# The task
The required output is all lines below that contain the word "Negro".

# Records from a data source
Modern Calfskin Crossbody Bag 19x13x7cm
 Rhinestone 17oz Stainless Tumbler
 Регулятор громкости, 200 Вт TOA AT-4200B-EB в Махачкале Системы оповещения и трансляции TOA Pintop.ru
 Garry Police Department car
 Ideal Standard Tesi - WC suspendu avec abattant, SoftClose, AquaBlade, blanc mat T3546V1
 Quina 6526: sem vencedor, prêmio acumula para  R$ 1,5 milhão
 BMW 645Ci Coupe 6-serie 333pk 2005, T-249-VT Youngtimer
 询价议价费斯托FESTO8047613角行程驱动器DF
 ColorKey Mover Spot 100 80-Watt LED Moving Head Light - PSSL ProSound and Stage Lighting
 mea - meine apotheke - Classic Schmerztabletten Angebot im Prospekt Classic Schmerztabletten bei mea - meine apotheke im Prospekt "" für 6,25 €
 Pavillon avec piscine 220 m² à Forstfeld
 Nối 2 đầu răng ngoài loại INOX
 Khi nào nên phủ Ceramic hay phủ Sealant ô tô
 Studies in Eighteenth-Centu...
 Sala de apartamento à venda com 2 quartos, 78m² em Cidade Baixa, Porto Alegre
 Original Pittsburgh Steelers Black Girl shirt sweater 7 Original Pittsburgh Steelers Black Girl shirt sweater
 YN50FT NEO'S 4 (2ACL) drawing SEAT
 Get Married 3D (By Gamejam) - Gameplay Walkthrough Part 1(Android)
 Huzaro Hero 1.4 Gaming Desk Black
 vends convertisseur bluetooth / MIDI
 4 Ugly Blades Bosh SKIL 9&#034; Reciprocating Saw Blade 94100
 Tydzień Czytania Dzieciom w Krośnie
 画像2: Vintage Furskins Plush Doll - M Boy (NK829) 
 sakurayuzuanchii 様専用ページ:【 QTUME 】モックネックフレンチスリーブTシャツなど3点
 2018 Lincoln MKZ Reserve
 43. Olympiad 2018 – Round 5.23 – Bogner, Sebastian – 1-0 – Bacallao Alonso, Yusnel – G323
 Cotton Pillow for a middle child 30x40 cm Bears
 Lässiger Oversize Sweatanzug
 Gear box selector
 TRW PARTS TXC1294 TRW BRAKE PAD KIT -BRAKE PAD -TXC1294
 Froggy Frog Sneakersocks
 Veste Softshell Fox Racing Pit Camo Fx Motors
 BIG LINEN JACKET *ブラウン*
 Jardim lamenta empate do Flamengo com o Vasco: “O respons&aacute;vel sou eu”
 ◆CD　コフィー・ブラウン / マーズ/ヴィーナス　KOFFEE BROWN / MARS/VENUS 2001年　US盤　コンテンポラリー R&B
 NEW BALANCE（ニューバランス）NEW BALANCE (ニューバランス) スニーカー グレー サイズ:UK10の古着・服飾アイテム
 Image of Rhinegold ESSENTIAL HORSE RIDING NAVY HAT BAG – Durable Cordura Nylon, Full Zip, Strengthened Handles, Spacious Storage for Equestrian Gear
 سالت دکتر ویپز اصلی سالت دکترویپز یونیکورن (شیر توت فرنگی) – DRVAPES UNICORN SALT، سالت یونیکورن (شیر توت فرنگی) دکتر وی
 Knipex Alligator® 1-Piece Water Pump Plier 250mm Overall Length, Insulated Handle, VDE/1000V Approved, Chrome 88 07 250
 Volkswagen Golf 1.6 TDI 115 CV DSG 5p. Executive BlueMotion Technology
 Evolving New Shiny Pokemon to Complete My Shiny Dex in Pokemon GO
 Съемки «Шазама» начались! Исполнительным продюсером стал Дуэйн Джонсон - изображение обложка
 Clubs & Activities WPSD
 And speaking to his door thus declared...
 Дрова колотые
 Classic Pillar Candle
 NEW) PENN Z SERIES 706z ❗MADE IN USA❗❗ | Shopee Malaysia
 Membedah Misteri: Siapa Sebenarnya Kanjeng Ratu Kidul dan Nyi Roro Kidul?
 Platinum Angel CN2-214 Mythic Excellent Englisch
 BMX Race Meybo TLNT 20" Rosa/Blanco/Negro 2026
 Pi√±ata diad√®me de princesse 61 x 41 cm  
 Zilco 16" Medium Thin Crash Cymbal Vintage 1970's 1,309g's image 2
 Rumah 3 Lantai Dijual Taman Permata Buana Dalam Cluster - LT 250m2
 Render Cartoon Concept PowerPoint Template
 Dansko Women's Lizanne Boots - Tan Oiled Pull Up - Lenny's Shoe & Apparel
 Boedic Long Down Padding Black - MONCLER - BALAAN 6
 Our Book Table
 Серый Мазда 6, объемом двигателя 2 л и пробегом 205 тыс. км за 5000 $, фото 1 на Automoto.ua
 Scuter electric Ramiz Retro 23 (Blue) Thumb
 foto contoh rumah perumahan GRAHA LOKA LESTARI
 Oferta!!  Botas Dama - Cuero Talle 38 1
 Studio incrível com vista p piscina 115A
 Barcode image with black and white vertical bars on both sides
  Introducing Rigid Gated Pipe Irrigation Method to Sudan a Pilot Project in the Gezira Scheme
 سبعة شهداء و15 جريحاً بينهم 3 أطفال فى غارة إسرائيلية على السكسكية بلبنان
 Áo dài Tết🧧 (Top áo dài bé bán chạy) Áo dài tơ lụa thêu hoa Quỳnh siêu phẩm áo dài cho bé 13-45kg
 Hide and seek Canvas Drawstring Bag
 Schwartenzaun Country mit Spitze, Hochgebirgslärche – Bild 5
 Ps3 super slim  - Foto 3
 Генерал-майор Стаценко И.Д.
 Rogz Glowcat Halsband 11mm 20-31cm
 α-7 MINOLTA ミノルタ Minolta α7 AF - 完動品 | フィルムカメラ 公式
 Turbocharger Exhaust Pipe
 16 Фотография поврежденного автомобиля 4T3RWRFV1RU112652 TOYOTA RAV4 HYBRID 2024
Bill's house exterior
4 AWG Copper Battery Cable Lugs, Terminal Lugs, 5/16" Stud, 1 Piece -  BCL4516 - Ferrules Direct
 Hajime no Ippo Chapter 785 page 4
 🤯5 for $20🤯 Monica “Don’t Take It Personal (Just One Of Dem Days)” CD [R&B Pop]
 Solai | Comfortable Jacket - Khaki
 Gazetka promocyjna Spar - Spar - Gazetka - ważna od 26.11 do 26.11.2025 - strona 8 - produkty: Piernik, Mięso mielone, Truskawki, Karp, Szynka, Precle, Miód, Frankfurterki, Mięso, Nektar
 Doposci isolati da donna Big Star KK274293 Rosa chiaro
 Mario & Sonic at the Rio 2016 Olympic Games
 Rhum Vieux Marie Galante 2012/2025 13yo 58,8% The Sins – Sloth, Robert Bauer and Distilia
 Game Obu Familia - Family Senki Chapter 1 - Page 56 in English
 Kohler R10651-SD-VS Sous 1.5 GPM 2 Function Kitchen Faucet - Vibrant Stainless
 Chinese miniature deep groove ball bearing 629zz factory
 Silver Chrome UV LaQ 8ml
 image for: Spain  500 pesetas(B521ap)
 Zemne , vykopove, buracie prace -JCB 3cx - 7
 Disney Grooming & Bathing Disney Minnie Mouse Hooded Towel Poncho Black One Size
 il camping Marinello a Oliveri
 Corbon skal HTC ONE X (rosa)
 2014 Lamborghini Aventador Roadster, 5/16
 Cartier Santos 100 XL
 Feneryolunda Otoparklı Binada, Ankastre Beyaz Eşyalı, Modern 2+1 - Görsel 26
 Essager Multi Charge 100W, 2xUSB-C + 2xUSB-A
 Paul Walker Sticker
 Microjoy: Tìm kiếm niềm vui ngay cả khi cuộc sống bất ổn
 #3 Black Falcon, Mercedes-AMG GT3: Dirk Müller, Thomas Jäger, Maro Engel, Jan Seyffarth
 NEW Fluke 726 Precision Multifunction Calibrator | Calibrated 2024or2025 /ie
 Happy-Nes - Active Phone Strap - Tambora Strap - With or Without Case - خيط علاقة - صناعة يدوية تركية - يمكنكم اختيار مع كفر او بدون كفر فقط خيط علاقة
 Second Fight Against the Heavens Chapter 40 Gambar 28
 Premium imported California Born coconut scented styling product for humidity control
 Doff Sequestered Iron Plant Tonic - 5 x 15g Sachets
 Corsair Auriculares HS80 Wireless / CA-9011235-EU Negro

# Solution to this task
 BMX Race Meybo TLNT 20" Rosa/Blanco/Negro 2026
 Corsair Auriculares HS80 Wireless / CA-9011235-EU Negro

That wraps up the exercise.